9. The method of claim 6, wherein the at least one aspect that grows on the at least one crop is at least one of: a bud; a bloom; a fruitlet; or a fruit.

10. The method of claim 1, wherein the method further comprises: generating one or more dashboards based on the one or more target metrics and the at least one indicator regarding the growth of the at least one crop.

11. The method of claim 1, wherein target metric comprise one or more of: a crop count; a bud count; a bloom count; a fruitlet count; a fruit count; a fruit size; or an orchard count.

12. The method of claim 1, wherein the actions comprise one or more of: pruning branches; bloom thinning; fruitlet thinning; green fruit thinning; or continuing management of the crop without changes.
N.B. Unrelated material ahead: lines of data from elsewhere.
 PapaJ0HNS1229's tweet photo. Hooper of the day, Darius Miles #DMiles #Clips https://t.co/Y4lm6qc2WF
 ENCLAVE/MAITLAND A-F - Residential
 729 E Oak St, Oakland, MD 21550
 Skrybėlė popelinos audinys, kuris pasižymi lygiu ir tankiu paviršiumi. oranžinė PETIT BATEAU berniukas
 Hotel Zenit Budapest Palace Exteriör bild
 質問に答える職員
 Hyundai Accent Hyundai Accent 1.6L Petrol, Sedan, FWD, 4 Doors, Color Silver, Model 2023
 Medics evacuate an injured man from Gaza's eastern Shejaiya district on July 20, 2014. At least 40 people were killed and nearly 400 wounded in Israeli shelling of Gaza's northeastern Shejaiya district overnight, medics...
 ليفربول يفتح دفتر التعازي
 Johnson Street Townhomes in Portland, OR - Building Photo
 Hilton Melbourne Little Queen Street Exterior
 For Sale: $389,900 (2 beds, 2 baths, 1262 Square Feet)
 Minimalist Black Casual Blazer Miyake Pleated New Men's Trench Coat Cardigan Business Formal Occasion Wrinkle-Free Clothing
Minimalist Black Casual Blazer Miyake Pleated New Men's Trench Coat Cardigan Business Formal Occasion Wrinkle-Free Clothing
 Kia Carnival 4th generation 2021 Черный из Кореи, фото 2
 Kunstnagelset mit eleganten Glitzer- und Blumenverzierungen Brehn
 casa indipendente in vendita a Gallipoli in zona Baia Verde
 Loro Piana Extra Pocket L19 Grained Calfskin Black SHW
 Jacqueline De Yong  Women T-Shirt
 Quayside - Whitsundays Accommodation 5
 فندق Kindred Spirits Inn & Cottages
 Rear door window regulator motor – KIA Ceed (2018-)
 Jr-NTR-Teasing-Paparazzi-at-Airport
13. A system comprising: a camera; at least one processor; and at least one memory coupled to the at least one processor, the at least one memory having computer-executable instructions stored thereon that, when executed by the at least one processor, cause the system to: generate, based on user input, one or more target metrics of at least one crop; receive, via the camera, a first set of one or more images of at least one aspect of the at least one crop; identify one or more aspects of the at least one crop based on the first set of one or more images; generate at least one indicator regarding the growth of the at least one crop based on the one or more aspects of the at least one crop; determine whether the one or more target metrics have been met based on the at least one indicator regarding the growth of the at least one crop and the one or more target metrics; and generate one or more actions to meet the one or more target metrics based on the determination.

14. The system of claim 13, wherein to cause the at least one processor to identify one or more aspects of the at least one crop, the computer-executable instructions further cause the system to: identify one or more scales within the first set of one or more images; and determine a size of the aspect of the at least one crop based on the first set of one or more images and the one or more scales.

15. The system of claim 13, wherein to generate the one or more actions to meet the one or more target metrics, the computer-executable instructions further cause the system to: determine, based on the one or more aspects of the at least one crop and the at least one indicator, a growth stage of the at least one crop; generate the one or more actions based on the prediction and the growth stage of the at least one crop; and present the one or more actions to a user.

16. The system of claim 13, the computer-executable instructions further cause the system to: determine, based on the one or more aspects of the at least one crop and the at least one indicator, a growth stage of the at least one crop; generate one or more dashboards based on the one or more target metrics, the at least one indicator regarding the growth of the at least one crop; and present the one or more dashboards to a user.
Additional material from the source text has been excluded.